El selenio es esencial para la formación de selenoproteínas que protegen el esperma del daño oxidativo y contribuyen a la motilidad y morfología espermática. Las investigaciones han encontrado que los hombres con niveles bajos de selenio tienden a tener una motilidad espermática reducida. Las nueces de Brasil son excepcionalmente ricas en selenio; solo una o dos al día pueden cubrir tus necesidades diarias. Otras fuentes incluyen pescado, huevos y cereales integrales.

Coenzima Q10 (CoQ10)

El CoQ10 es un antioxidante natural que desempeña un papel central en la producción de energía celular. En el contexto reproductivo, el CoQ10 se encuentra en altas concentraciones en el líquido seminal, donde ayuda a impulsar la motilidad del esperma. Múltiples ensayos controlados aleatorios han encontrado que la suplementación con CoQ10 mejora la concentración, motilidad y morfología del esperma. Los niveles de CoQ10 disminuyen naturalmente con la edad, por lo que la suplementación es especialmente relevante para hombres mayores de 35 años.

Vitamina C

La vitamina C (ácido ascórbico) es uno de los antioxidantes más potentes que se encuentran en el plasma seminal, donde ayuda a proteger el ADN espermático del daño oxidativo. Los estudios han demostrado que la suplementación con vitamina C puede reducir la fragmentación del ADN espermático y mejorar la motilidad. Se encuentra abundantemente en cítricos, pimientos, fresas, kiwi y brócoli.

Vitamina E

Al igual que la vitamina C, la vitamina E es un potente antioxidante que protege las membranas de las células espermáticas de la peroxidación lipídica, una forma de daño oxidativo que puede afectar la función del esperma. La vitamina C y la E suelen actuar de forma sinérgica, y algunos estudios han demostrado que la suplementación combinada reduce la fragmentación del ADN. Buenas fuentes incluyen nueces, semillas, aceites vegetales y verduras de hoja verde.

Folato

El folato —y su forma sintética, el ácido fólico— se asocia típicamente con la fertilidad femenina y la prevención de defectos del tubo neural durante el embarazo. Sin embargo, la investigación apoya cada vez más un papel del folato en la fertilidad masculina también, especialmente en la reducción de la fragmentación del ADN espermático y el contenido cromosómico anormal. Las verduras de hoja verde, legumbres y cereales fortificados son buenas fuentes dietéticas.

Ácidos grasos omega-3

El DHA (ácido docosahexaenoico), un ácido graso omega-3, es un componente estructural principal de las membranas de las células espermáticas. Niveles más altos de DHA en el esperma se asocian con mejor morfología y motilidad. Los omega-3 también tienen propiedades antiinflamatorias que pueden apoyar el ambiente reproductivo general. Los mejores alimentos son pescados grasos (salmón, caballa, sardinas), nueces y semillas de lino.

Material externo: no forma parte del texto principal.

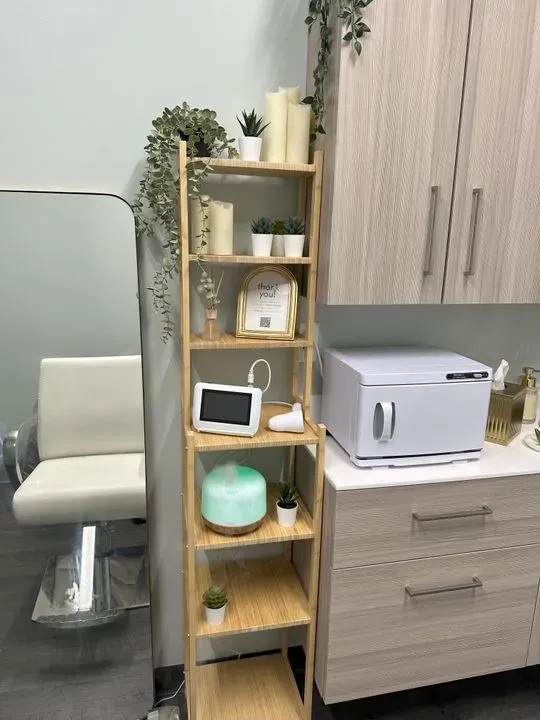 https://cdn.salonspotlight.com/photos/f4bFEuSBOfdlDoevioyV/f66695fe-fb04-4378-96fc-a22d83db3bee_720x720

El patrón de dieta mediterránea

Más allá de nutrientes individuales, varios estudios han encontrado que seguir una dieta estilo mediterráneo —rica en verduras, frutas, cereales integrales, legumbres, frutos secos, aceite de oliva y pescado— se asocia con mejores parámetros espermáticos. Este patrón proporciona una amplia variedad de antioxidantes, grasas saludables y micronutrientes que en conjunto apoyan la salud reproductiva.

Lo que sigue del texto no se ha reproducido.